Мой отец нанял батрака по имени Гэри Рэньер, у которого была восьмитрековая компакт-кассета альбома Овердрайв Бэкмена-Тернера “Not Fragile”, выпущенного в 1974, когда мне было девять лет. Я ездил с ним на тракторе: это был один из первых тракторов, оснащенный восьмитрековым проигрывателем, он был звукоизолирован и оснащен кондиционером: довольно классный аппарат. Я слушал музыку и мне это очень нравилось. У моего приятеля Грега Хэндевидта, который в конце концов переехал со мной в Лос-Анджелес после окончания школы в 1983, была двенадцатидюймовая двойная пластинка этого альбома ОБ-Т. Ты открывал ее, и внутри было фото всей группы. Помню, как видел Рэнди Бэкмена с Фендером Стратокастером, Блэра Торнтона с гитарой Гибсон ЭсДжи, и Фреда Тернера с черно-белым басом Рикенбэкер 4001.
Грег Хэндевидт (школьный друг): Я познакомился с Дэвидом в шестом классе, когда моя семья только-только переехала в Джексон. Мы оба были фэнами KISS, так и познакомились. Я увидел его в вестибюле с надписью “KISS” на одной из его книг, и сказал ему: “KISS пользуются гитарами Gibson и барабанами Pearl”, а он выпалил в ответ: “И усилителями Marshall!” Он был популярным парнем; все обожали его. |
Никогда не знал, что есть такая вещь как бас-гитара. Длинный гриф, большие толстые струны, и она звучала по-особому…и офигенно. Тогда я услышал KISS. Их песня “Shout It Out Loud” была для меня особенной: она полностью изменила меня. Джин Симмонс играл на басу Гибсон Грэббер на обложке пластинки KISS “Alive”, и что-то в этом инструменте привлекло меня.
Тем временем, пока я втягивался в рок-н-ролл, дома на ферме начали происходить перемены. Моя семья начала ходить на вечеринки в некоторые близлежащие соседские дома. Ни разу не видел, чтобы мои родители пили, и вдруг мне девять или десять лет, и мы тусуемся с семьями, которые пьют в большом количестве.
Помню, как-то ночью мы возвращались домой из соседского дома, и мама с отцом лихачили на дороге. Мы съехали на обочину, и один из них открыл дверь и швырнул ее на обочину дороги! Это было очень пугающе. И я подумал: “Это же ужас – что происходит вообще?” Даже в юном возрасте мне показалось это пугающим и совсем не понравилось.
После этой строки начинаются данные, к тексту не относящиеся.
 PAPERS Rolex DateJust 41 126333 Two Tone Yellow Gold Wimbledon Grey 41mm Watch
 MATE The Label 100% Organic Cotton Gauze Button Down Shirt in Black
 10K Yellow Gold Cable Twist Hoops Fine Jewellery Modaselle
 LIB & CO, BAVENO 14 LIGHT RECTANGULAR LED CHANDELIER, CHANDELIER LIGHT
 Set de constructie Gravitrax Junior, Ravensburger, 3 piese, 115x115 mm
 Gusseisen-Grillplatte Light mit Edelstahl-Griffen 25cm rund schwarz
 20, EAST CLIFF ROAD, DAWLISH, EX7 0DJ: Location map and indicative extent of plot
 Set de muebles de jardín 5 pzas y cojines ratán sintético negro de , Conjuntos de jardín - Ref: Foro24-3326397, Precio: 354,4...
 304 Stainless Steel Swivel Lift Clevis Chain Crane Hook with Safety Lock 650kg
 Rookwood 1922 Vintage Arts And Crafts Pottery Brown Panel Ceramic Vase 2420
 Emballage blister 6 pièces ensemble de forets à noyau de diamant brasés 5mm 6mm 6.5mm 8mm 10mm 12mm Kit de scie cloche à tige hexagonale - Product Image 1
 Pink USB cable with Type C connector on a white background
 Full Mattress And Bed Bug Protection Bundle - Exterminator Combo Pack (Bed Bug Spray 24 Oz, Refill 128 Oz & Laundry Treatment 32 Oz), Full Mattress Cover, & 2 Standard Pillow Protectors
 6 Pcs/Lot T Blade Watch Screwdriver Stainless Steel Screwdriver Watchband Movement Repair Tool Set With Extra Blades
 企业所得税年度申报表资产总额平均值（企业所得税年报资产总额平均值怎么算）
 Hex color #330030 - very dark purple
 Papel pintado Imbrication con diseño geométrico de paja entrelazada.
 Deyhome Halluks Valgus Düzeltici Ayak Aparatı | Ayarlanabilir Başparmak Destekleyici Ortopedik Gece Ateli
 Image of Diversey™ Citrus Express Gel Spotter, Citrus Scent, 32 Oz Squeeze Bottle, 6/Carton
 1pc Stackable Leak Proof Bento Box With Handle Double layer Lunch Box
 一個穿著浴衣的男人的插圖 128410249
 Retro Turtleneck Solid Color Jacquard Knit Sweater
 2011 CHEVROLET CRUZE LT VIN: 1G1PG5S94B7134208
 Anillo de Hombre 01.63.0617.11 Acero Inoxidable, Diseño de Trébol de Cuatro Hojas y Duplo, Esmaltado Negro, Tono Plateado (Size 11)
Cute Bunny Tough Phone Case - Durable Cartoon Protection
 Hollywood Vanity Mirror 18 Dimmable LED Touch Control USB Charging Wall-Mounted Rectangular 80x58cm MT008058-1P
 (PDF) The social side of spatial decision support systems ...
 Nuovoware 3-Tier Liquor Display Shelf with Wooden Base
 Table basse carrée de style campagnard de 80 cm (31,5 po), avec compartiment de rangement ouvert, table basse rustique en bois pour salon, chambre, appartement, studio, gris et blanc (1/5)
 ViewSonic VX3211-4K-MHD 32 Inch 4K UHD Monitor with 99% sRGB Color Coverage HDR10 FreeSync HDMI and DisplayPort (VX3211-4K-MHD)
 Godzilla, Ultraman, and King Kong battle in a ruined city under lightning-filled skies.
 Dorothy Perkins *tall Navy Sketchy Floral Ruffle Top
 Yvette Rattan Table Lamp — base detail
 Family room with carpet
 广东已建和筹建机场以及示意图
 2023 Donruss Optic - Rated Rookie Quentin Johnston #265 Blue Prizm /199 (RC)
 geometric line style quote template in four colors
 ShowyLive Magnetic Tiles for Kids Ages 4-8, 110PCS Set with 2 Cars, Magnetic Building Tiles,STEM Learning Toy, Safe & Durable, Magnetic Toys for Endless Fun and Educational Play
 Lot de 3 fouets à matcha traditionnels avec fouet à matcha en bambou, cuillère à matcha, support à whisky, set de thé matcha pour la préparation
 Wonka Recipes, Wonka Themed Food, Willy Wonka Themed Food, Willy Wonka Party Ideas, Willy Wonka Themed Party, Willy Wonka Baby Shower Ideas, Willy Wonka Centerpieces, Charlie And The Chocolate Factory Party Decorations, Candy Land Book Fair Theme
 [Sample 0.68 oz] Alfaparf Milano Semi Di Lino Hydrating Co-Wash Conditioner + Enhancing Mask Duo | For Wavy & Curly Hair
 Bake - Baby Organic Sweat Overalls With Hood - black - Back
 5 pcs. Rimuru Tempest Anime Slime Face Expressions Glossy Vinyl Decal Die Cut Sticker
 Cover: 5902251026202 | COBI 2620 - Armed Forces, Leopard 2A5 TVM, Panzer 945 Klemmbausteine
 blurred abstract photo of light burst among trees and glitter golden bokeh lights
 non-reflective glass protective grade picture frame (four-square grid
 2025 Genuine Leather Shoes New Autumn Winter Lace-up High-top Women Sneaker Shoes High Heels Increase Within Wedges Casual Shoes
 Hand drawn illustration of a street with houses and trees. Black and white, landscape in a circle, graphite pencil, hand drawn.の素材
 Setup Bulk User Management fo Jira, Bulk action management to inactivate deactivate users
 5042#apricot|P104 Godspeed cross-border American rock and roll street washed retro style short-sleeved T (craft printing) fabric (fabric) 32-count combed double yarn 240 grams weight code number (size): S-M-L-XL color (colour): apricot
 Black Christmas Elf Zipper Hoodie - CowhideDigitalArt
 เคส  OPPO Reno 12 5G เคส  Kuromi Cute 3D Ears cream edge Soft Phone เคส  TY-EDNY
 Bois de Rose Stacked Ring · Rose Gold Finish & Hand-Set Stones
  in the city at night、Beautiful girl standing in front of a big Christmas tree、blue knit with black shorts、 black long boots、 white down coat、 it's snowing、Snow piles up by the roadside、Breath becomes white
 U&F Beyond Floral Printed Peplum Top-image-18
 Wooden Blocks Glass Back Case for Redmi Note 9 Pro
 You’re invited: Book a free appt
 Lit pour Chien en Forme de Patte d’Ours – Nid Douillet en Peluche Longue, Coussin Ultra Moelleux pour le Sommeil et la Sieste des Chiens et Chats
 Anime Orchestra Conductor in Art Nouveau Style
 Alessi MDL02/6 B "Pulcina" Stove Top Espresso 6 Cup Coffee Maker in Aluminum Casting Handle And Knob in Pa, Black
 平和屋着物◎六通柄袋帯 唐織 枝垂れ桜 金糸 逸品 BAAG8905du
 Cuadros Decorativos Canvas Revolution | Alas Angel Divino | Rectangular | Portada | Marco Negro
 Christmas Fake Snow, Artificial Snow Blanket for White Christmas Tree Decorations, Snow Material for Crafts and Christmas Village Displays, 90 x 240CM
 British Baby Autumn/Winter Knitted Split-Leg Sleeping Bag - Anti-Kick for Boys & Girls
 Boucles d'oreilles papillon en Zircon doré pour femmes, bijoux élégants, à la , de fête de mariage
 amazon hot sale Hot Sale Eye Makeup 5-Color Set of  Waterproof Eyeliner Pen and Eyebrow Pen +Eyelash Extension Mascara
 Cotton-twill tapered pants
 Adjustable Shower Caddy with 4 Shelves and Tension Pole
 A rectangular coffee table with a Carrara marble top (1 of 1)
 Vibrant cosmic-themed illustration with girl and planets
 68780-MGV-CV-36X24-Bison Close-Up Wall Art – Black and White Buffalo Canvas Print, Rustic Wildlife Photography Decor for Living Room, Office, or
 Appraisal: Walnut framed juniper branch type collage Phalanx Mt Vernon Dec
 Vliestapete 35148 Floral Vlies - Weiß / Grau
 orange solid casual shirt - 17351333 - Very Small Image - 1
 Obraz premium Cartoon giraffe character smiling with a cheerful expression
Это было мое первое знакомство с опасными последствиями употребления спиртного и сумасбродного поведения его сопровождающего.
Мы также начали ходить на концерты в Армори в центре Джексона, где около тысячи человек танцевали в одном большом танце. Там играли мьюзик-бэнды, исполнявшие кантри, а я всегда наблюдал за басистами. Меня тут же привлек этот инструмент. Дома мы смотрели телешоу под названием “Hee Haw”, оно было очень популярно. Я ненавидел саму музыку, но был очарован инструментами, блеском и шоубизнесом; он просто затянул меня. Я был в восторге.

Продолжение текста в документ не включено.